Even the investment in packaging equipment at the central facility has already paid for itself, DeVries said. The newest acquisition is a high-speed sealing machine which can seal up to 70 packages a minute and that is expected to pay for itself in a year, he said.
"We're running it [only] at 20 to 30 a minute so we can keep up with it," he said.
In order to make the connection between the self-service prepared foods and those offered in the service case, D&W will add handheld heat-sealers at each store, DeVries said. That's scheduled for next year.
Asked how the heat-sealing system could cut supply costs by so much, DeVries said, "The tray is economical. It's paperboard. I just borrowed a couple of pages from the frozen-food industry's manual. It has worked for them for years."
He added that the film, printed with the D&W logo, is significantly less expensive than a dome top or clamshell package.
" We considered [every type of packaging] and we found that the only system that was effective from a cost perspective was heat seal. But we had to figure out how to do this without reducing profitability at store level and still make a decent profit for the central facility," DeVries said.
One key to keeping costs down is using a film top, with no paperboard frame, he said.
"It takes much less time to seal film to the paperboard than it does to seal paperboard and film to the paperboard tray. So there's a savings in time as well as supplies," he said. But the packaging is durable even though it may not look as sturdy as one with a paperboard frame on top, DeVries said.
"Once you seal the film to the paperboard, it becomes a very rigid package. For test purposes, we've stacked 12 on top of one another and pushed down. We've never had a failure," he said.
And the savings worked to everybody's benefit, DeVries pointed out. "Retail actually has an increased margin on the products and they've gained a conservative estimate of about 15 points in contribution to overhead," DeVries said.
With the packaging system fully in place, just a little over a month ago the chain began increasing self-service displays of the prepackaged items. In most stores, displays have been nearly doubled with space borrowed from the service case.

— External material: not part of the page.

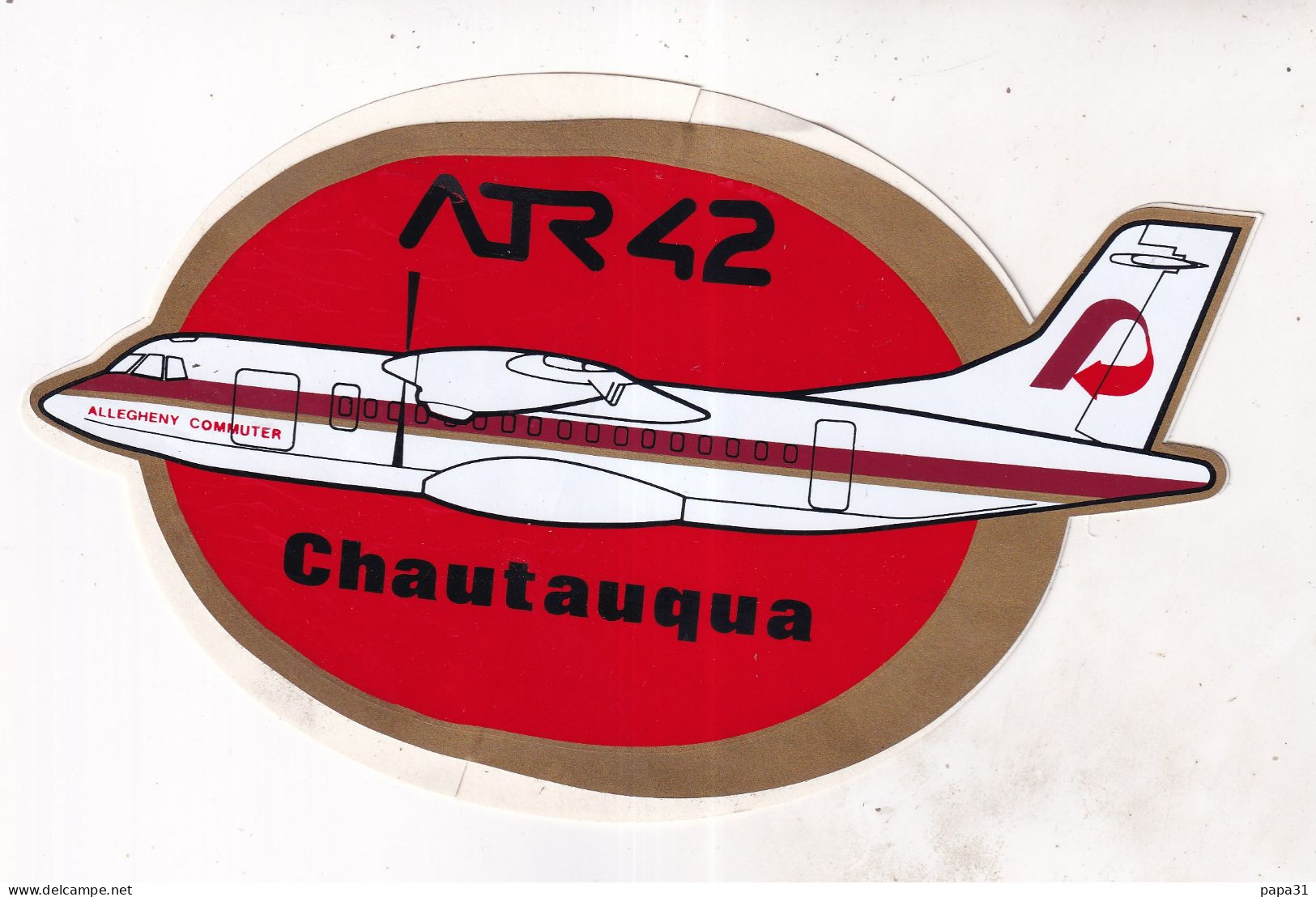 Autocollant Avion -  ATR 42 Chautauqua - Stickers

"We've at least doubled the space for merchandising these items. In some stores, we have 20 running feet, and that's getting really tight for the SKUs we have now," DeVries said.
"As of two weeks ago, we're producing 100 SKUs. You'll find 50 to 60 in our self-service at any one time now. That's up from a typical 15 to 20 previously."

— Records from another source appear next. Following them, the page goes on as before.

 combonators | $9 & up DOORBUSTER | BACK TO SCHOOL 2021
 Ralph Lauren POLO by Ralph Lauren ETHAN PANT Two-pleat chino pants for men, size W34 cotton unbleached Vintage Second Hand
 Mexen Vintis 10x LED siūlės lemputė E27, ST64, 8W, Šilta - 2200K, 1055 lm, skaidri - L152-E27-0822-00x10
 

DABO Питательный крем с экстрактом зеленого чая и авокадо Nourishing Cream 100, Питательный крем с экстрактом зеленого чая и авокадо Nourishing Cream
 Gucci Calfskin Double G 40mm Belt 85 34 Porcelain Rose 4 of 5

In new stores and remodels, he expects to increase that footage to at least 30 feet.
At a store in the Breton Woods section of Kentwood, Mich., the chain last month increased the self-service display of prepacked prepared foods from 12 running feet to 20 by consolidating a length of service case. Other self-service displays have been expanded from eight feet to 12.
"We're just a month into the expansion of self-service so I don't have increase percentages, but sales have definitely shot up," he said.
"We felt there was a weakness in the self-service portion of our prepared-foods business and we knew we had to go to a central-packaging system to strengthen it. We had been sending prepared foods to stores in bulk; then they were packed in store. That was often at the bottom of associates' priority list so sometimes there wouldn't be more than four or five items in the self-service case," DeVries said.
Ten pounds of beef Stroganoff sent to a store, for example, could end up mostly as shrink. Now, since stores order by the unit, sales of some of the slower movers have doubled and tripled, he said.
The shrink factor was one compelling reason, along with food safety concerns, that helped D&W decide to go to central packaging. And once that decision was made, the chain looked for a heat-seal system because of the stability it would give to packages being transported from D&W's central kitchen to its stores.
After starting a search nearly two years ago for the packaging that could do the job cost-effectively, the chain developed a program with a local supplier that gives it what it wants, DeVries said.